Grealish's Future: Guardiola Puts Decision in Player’s Hands
Pep Guardiola has pushed the question of Jack Grealish’s Manchester City future firmly back towards the player, as the winger nears the end of his loan spell at Everton and another pivotal summer looms.
Grealish left the Etihad last August, a £100m signing suddenly reduced to a squad role, and went to Hill Dickinson Stadium chasing what he no longer had at City: guaranteed minutes and rhythm. He found both under David Moyes. He also found a cruel ending.
Before a stress fracture in his foot halted his season, the 30-year-old had quietly rebuilt his reputation. Two goals and six assists in his first 20 Premier League games for Everton told only part of the story. He carried the ball, drew fouls, stitched moves together – the same traits that made him such a key figure in City’s 2023 treble.
Guardiola has never hidden his admiration for that version of Grealish.
“The Treble season [he] was extraordinary,” he reminded reporters ahead of City’s meeting with Everton on Monday night. The Catalan even turned the spotlight on himself, admitting that after that historic campaign, “maybe I didn’t help him or maybe we couldn’t reach the level that he had.”
That is as close as Guardiola comes to an apology. The rest of his message was blunt.
“I don’t know. I want the best for Jack,” he said when asked about Grealish’s long-term future. “He needs game, game, game and Everton [he] had [that]. Unfortunately the injury, but hopefully he can recover and next season can continue to play. It depends on him. It depends absolutely on him. The quality is no doubt, everything is there.”

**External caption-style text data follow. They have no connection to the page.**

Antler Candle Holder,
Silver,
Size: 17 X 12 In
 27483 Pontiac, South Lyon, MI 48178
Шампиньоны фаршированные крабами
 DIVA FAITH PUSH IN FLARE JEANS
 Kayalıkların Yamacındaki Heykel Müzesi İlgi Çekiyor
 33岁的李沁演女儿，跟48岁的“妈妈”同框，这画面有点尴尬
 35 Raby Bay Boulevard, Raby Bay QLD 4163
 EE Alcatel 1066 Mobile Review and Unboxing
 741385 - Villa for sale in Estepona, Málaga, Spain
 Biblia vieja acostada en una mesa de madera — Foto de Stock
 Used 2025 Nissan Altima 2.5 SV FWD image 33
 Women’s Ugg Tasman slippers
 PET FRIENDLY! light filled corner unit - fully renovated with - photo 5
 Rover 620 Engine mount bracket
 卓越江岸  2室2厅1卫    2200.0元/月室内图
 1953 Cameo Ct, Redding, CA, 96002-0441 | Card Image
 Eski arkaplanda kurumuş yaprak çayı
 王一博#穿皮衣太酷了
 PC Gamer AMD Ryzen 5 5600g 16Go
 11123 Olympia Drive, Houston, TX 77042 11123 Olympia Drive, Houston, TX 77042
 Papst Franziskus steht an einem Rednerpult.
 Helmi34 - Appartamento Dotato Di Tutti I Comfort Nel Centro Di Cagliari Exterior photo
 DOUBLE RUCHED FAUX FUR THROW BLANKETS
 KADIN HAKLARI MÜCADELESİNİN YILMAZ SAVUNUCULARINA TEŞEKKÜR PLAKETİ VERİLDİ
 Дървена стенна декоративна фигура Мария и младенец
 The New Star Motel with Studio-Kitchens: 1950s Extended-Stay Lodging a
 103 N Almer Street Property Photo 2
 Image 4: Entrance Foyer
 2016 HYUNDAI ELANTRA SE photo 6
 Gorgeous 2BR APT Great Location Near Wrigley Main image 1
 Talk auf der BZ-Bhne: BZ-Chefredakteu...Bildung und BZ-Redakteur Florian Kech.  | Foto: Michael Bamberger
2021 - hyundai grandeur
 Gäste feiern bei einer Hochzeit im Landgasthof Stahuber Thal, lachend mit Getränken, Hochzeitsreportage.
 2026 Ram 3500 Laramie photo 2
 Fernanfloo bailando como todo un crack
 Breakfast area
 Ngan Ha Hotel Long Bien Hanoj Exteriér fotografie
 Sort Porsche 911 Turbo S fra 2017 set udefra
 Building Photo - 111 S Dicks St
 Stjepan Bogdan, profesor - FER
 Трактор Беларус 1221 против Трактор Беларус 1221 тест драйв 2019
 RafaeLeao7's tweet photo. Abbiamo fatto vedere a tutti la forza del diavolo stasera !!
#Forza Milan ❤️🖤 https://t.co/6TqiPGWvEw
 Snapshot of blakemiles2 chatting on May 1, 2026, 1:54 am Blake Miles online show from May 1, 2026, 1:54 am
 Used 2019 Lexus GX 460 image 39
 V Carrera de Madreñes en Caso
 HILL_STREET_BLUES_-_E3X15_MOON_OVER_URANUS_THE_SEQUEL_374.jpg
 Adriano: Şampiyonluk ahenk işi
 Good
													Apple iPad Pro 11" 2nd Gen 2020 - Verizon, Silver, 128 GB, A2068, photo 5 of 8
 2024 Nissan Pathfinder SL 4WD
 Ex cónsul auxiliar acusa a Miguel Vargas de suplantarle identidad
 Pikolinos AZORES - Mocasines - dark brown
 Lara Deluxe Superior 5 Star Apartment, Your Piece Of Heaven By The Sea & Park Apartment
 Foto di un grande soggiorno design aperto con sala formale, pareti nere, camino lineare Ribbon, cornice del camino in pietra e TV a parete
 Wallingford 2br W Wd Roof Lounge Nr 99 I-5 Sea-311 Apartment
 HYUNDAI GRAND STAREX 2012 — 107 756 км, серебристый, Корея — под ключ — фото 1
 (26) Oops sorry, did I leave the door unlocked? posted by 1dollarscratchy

The line was clear: City will not define Grealish’s next chapter. Grealish will.
Doors Opening at the Etihad
This is not a static squad he might return to. It is one about to be reshaped.
Bernardo Silva and John Stones are expected to move on this summer, departures that would rip out two of Guardiola’s most trusted, tactically flexible players. Those gaps will need filling across the attacking and midfield rotations. Space, suddenly, could appear where there was none.
On paper, that should be Grealish’s cue. He has already proved he can function in Guardiola’s system, pressing diligently, holding width, and giving City control with his ball retention and creativity. In the treble season, he became a tactical pillar on the left, even when the numbers did not scream for headlines.
But football careers are not played on paper. Grealish left because he wanted more than 20-minute cameos and sporadic starts. At Everton, he got what Guardiola himself says he needs: “game, game, game.” That taste of being central again, of knowing the shirt is his, will be hard to surrender.
So the dilemma sharpens. Return to the Etihad, where the ceiling is trophies but the role might again be limited? Or push for a move where he is guaranteed to be the main act, even if the stage is smaller?
For now, Guardiola has parked the decision squarely in Grealish’s court. The manager insists the talent remains intact, the door is not closed, and the opportunity might soon be there.
The real question is whether Jack Grealish still wants to walk back through it.